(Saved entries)
-- Opening Marker --

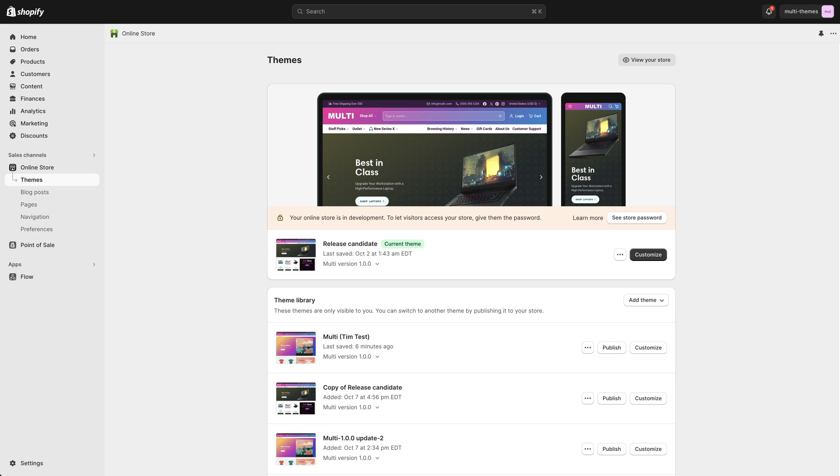Hello, this is Tim from milehighthemes.com. We're the creators of the multi-theme, and in this video we are going to go through some of the product page options and settings so you can set up your product pages.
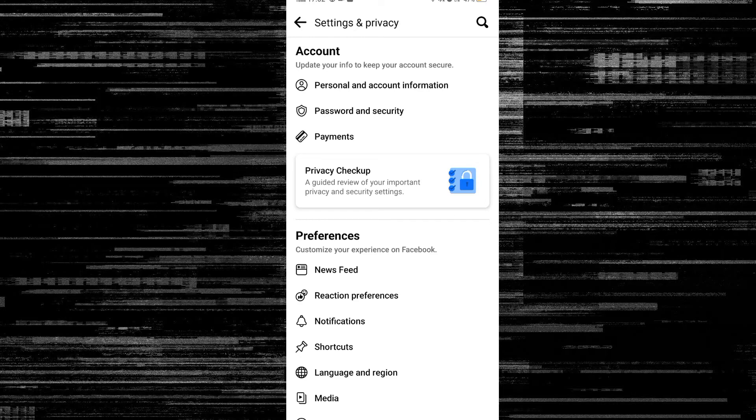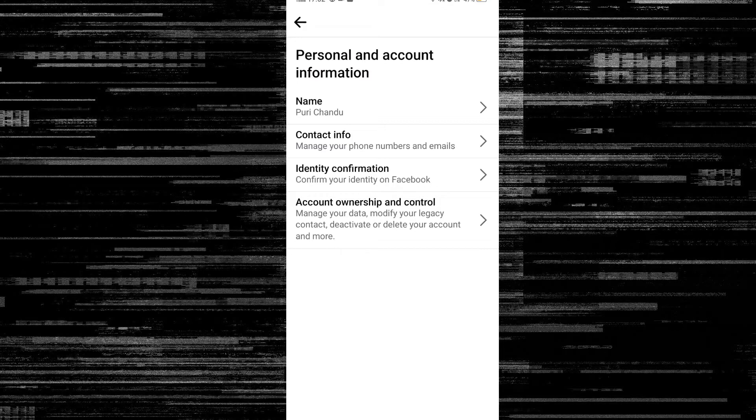On the right side, you will find Personal and Account Information. Here you will see options including Name, Contact, Identity, Confirmation, Account, Ownership and Control. This is the general account settings area.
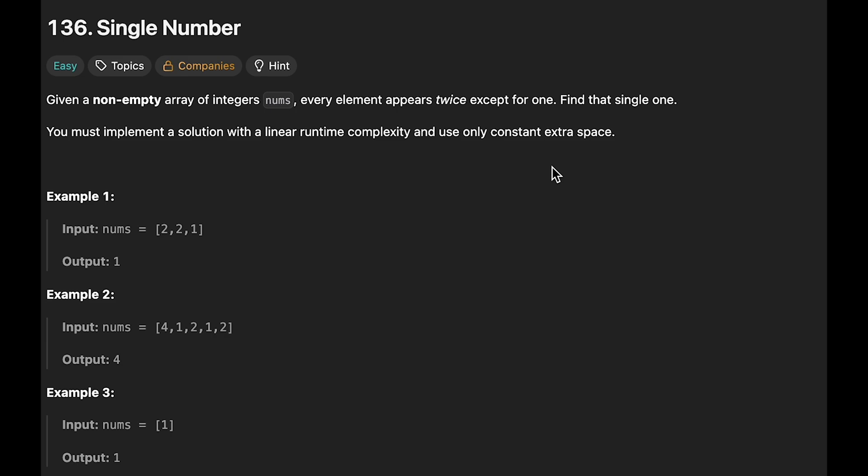The key to the solution is using exclusive OR — a bitwise operation. I will explain the four properties of exclusive OR one by one.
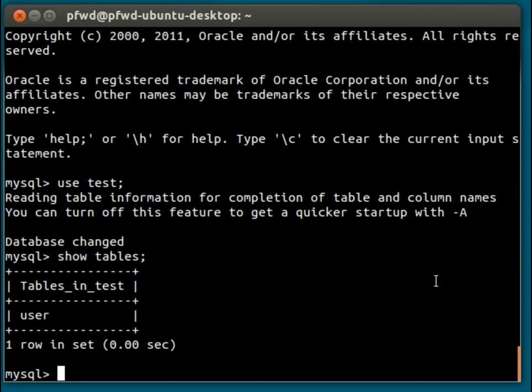Now, before I remove it or drop it, as the syntax is, I must point out that once I execute the next command, the table, its structure, and any records within that table will be dropped, will be lost, and there won't be a way of retrieving that information again.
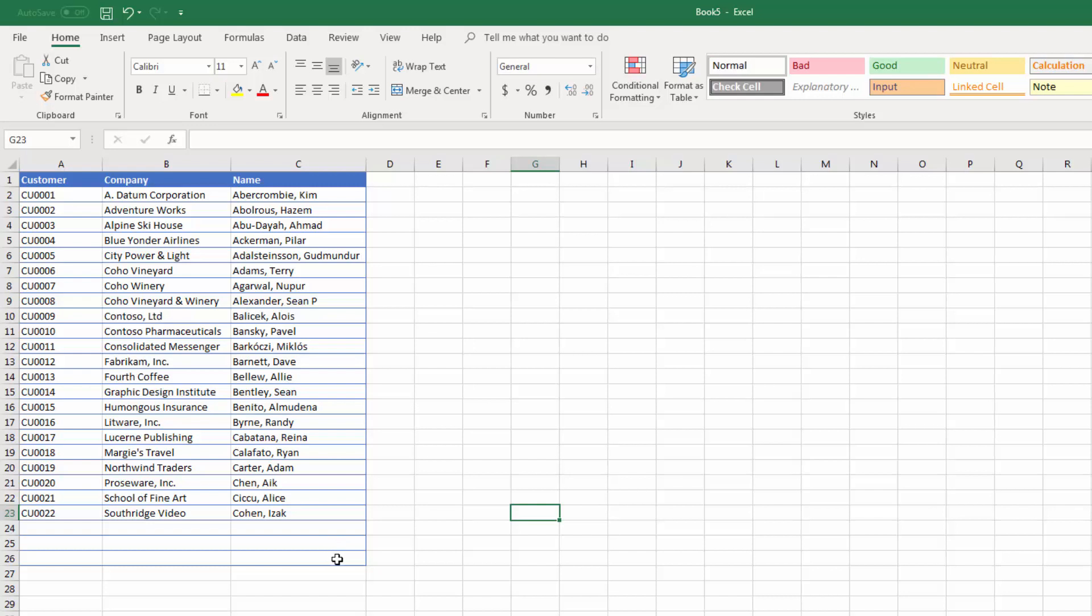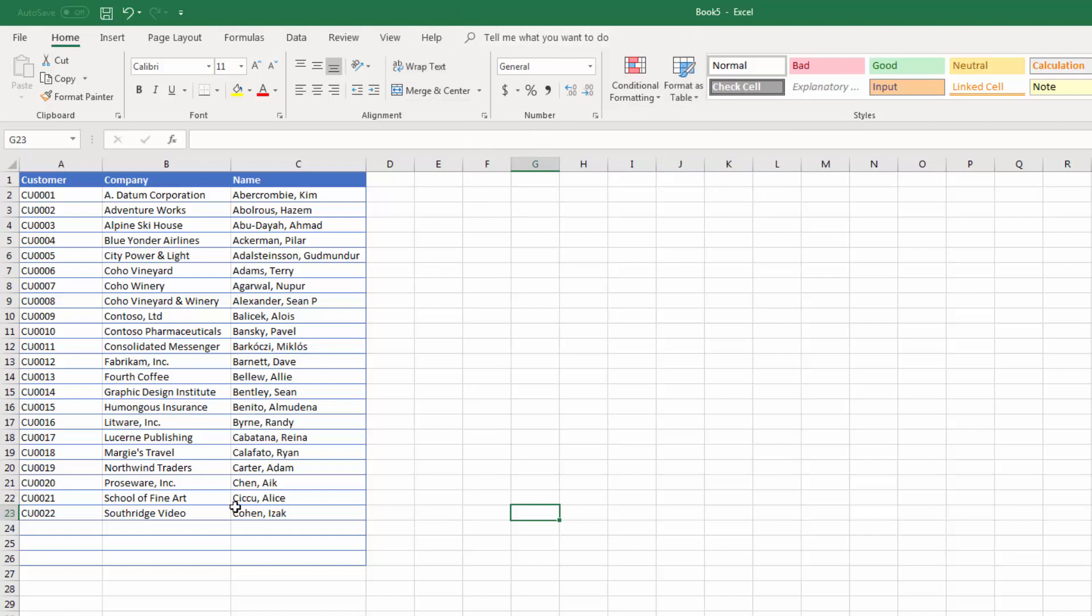So any time you want to quickly and easily format some data in Microsoft Excel, consider borrowing a table format, and once you've applied that, going to the Table Tools Design tab and simply turning it back into a range.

-- Closing Marker --

Print exactly the line containing "The key to the" and every line after it through the final line above, and leave all pictures out.

The key to the solution is using exclusive OR — a bitwise operation. I will explain the four properties of exclusive OR one by one.
Now, before I remove it or drop it, as the syntax is, I must point out that once I execute the next command, the table, its structure, and any records within that table will be dropped, will be lost, and there won't be a way of retrieving that information again.
So any time you want to quickly and easily format some data in Microsoft Excel, consider borrowing a table format, and once you've applied that, going to the Table Tools Design tab and simply turning it back into a range.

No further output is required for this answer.